__Problem description__.
Write out the data below exactly, beginning with the first line and ending once the line that has "60cm X 30cm" is written.

(Dataset excerpts)
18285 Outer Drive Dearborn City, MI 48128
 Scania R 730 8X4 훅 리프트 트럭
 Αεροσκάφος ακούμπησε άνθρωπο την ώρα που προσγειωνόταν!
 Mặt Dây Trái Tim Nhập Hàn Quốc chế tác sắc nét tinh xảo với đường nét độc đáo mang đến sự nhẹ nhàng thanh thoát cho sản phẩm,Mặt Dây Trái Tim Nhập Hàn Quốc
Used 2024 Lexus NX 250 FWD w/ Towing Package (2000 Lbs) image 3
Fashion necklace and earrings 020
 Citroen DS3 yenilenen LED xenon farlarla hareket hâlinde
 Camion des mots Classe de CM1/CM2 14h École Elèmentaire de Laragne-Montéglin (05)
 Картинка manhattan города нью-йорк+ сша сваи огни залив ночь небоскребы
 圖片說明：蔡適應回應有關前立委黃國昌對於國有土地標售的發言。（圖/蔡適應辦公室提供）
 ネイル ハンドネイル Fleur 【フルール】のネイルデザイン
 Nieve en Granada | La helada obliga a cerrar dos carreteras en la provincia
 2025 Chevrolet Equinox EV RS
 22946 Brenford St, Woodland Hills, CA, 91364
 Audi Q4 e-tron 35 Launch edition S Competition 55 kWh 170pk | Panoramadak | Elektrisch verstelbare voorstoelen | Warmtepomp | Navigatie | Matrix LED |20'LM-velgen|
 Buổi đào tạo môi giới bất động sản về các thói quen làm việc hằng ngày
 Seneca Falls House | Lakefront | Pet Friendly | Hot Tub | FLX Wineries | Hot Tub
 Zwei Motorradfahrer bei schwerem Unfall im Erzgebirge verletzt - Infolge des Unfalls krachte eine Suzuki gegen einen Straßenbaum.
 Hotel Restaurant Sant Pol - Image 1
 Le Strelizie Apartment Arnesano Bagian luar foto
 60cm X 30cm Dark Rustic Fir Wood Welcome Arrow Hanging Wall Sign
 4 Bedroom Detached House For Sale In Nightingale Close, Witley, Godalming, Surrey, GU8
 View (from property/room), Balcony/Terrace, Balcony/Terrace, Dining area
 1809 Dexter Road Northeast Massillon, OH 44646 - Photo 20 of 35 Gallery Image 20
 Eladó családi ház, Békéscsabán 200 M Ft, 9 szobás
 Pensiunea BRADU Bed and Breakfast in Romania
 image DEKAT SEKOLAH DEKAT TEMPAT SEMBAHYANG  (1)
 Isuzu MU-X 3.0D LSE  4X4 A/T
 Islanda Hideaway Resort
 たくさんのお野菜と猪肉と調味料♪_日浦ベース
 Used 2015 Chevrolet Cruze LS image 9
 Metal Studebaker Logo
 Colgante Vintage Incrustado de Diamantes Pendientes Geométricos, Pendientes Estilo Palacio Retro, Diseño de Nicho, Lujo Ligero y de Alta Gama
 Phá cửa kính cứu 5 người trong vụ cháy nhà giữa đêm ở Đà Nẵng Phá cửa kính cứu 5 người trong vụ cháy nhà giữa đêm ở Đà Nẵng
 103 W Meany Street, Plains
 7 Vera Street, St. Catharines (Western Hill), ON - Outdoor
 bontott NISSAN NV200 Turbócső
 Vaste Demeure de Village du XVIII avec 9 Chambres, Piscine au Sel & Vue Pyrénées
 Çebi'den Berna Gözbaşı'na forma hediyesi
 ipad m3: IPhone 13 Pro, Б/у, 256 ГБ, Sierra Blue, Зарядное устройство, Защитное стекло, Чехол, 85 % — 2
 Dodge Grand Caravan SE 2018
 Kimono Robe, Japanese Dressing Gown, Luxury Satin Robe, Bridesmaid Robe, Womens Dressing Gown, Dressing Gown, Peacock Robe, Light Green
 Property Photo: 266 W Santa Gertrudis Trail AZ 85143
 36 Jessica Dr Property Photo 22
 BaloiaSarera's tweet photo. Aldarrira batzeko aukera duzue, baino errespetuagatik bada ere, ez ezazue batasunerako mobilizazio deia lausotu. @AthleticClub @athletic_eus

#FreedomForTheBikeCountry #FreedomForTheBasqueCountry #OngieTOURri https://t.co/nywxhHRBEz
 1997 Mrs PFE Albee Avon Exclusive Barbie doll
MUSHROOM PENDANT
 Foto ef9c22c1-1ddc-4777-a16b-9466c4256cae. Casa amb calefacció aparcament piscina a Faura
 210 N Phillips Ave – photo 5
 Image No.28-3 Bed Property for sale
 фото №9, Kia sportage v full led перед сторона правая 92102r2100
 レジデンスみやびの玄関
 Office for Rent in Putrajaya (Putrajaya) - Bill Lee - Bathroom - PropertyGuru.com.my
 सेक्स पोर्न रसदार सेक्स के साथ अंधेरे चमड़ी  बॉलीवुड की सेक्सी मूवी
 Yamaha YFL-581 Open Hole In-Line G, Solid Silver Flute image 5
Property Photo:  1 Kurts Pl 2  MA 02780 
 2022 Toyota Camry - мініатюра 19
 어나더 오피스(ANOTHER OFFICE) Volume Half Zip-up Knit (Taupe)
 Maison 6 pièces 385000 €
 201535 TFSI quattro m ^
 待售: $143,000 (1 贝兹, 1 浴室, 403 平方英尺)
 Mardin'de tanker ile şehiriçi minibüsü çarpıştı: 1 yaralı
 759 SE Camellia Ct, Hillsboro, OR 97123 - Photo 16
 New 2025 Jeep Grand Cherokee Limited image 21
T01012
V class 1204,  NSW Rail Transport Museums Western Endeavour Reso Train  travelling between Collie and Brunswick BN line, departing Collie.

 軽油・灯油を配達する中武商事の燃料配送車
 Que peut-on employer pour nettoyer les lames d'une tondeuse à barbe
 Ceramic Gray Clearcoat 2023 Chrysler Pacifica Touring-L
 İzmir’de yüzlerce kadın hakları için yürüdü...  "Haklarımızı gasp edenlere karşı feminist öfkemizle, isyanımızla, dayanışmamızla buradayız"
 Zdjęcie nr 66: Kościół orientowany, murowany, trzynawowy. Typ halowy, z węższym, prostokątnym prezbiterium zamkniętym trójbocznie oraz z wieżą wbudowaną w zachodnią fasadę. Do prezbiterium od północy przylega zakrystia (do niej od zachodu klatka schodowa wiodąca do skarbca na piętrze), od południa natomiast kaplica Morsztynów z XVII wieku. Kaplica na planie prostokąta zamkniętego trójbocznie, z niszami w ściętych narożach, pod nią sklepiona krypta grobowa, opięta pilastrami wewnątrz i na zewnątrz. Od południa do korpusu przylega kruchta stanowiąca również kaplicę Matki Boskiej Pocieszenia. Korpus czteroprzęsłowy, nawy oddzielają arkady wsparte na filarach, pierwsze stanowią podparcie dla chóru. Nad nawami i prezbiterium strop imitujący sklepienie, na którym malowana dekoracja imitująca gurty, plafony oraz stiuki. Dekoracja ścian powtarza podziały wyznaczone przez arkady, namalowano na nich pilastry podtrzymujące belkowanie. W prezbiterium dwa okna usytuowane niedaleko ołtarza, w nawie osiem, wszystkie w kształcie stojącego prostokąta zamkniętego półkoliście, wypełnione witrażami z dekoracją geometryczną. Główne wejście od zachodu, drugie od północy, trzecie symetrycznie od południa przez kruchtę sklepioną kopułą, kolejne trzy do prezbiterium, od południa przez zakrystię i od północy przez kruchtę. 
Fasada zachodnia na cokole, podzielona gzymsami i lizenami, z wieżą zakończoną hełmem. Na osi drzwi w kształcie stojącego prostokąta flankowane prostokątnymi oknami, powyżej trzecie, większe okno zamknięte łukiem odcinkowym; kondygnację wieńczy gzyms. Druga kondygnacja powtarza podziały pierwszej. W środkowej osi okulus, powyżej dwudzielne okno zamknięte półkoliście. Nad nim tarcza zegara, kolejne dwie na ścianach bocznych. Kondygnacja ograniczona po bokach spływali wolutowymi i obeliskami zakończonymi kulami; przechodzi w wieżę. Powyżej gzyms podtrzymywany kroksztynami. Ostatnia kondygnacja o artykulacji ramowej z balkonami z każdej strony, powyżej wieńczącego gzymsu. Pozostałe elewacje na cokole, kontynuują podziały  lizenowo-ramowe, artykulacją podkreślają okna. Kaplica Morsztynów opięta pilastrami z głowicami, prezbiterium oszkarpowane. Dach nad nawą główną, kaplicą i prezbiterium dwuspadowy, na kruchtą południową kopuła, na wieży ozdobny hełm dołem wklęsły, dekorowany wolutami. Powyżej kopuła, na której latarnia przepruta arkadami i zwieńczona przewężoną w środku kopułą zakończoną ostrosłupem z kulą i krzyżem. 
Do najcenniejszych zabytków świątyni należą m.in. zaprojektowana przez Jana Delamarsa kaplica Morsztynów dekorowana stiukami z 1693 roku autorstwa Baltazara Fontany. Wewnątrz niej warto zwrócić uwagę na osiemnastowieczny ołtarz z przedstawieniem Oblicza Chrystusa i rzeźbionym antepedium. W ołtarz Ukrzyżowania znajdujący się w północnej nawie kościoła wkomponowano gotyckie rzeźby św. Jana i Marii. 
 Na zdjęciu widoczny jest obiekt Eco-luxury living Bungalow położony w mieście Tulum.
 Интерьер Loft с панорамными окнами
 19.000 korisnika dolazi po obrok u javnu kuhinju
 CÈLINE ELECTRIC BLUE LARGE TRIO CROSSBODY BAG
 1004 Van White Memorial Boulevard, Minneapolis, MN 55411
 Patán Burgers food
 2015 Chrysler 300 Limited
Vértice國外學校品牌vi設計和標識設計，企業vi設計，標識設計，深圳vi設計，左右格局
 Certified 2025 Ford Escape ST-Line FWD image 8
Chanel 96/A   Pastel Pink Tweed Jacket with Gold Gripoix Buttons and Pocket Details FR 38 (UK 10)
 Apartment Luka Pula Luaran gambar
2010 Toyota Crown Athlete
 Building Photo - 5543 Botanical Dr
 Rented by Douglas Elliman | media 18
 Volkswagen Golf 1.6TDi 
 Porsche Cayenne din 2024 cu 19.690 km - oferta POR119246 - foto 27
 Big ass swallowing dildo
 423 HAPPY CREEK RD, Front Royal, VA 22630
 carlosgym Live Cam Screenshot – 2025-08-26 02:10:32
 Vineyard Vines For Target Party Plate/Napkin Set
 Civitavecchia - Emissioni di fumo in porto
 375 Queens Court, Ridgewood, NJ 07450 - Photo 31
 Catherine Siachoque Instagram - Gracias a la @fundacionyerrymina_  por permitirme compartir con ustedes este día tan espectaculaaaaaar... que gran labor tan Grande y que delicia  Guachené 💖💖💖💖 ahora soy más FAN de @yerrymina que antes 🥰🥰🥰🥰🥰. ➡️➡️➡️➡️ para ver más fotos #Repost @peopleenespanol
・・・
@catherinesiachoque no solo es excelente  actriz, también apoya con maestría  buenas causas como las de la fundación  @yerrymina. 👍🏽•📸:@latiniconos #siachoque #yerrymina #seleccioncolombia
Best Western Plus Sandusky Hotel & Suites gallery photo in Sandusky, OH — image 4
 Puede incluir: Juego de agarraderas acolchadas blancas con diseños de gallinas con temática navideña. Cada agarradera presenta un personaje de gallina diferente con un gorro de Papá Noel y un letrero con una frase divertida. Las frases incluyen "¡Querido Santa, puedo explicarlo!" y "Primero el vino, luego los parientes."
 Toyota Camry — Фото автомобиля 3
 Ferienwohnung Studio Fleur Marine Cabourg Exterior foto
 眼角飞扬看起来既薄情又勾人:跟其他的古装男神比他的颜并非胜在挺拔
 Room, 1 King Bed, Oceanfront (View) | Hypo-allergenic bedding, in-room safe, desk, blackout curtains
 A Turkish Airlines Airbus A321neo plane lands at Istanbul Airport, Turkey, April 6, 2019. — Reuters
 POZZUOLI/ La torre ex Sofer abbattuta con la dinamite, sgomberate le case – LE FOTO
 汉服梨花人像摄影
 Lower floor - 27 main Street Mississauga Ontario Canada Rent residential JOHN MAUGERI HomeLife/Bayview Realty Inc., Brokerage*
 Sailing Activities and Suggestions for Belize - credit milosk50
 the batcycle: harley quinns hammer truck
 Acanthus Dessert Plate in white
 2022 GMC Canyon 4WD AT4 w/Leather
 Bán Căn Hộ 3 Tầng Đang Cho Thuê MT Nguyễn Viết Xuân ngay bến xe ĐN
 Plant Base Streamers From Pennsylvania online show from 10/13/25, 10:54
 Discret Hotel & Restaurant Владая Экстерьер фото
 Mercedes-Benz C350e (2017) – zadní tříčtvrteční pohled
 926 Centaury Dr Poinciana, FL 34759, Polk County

__Solution for this exercise__.
18285 Outer Drive Dearborn City, MI 48128
 Scania R 730 8X4 훅 리프트 트럭
 Αεροσκάφος ακούμπησε άνθρωπο την ώρα που προσγειωνόταν!
 Mặt Dây Trái Tim Nhập Hàn Quốc chế tác sắc nét tinh xảo với đường nét độc đáo mang đến sự nhẹ nhàng thanh thoát cho sản phẩm,Mặt Dây Trái Tim Nhập Hàn Quốc
Used 2024 Lexus NX 250 FWD w/ Towing Package (2000 Lbs) image 3
Fashion necklace and earrings 020
 Citroen DS3 yenilenen LED xenon farlarla hareket hâlinde
 Camion des mots Classe de CM1/CM2 14h École Elèmentaire de Laragne-Montéglin (05)
 Картинка manhattan города нью-йорк+ сша сваи огни залив ночь небоскребы
 圖片說明：蔡適應回應有關前立委黃國昌對於國有土地標售的發言。（圖/蔡適應辦公室提供）
 ネイル ハンドネイル Fleur 【フルール】のネイルデザイン
 Nieve en Granada | La helada obliga a cerrar dos carreteras en la provincia
 2025 Chevrolet Equinox EV RS
 22946 Brenford St, Woodland Hills, CA, 91364
 Audi Q4 e-tron 35 Launch edition S Competition 55 kWh 170pk | Panoramadak | Elektrisch verstelbare voorstoelen | Warmtepomp | Navigatie | Matrix LED |20'LM-velgen|
 Buổi đào tạo môi giới bất động sản về các thói quen làm việc hằng ngày
 Seneca Falls House | Lakefront | Pet Friendly | Hot Tub | FLX Wineries | Hot Tub
 Zwei Motorradfahrer bei schwerem Unfall im Erzgebirge verletzt - Infolge des Unfalls krachte eine Suzuki gegen einen Straßenbaum.
 Hotel Restaurant Sant Pol - Image 1
 Le Strelizie Apartment Arnesano Bagian luar foto
 60cm X 30cm Dark Rustic Fir Wood Welcome Arrow Hanging Wall Sign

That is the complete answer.